= Goal of the exercise =
The full listing needs to be output exactly.

= Data excerpt =
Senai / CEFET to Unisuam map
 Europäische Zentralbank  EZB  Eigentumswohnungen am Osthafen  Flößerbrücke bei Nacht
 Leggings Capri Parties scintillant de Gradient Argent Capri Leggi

= Response to this task =
Senai / CEFET to Unisuam map
 Europäische Zentralbank  EZB  Eigentumswohnungen am Osthafen  Flößerbrücke bei Nacht
 Leggings Capri Parties scintillant de Gradient Argent Capri Leggi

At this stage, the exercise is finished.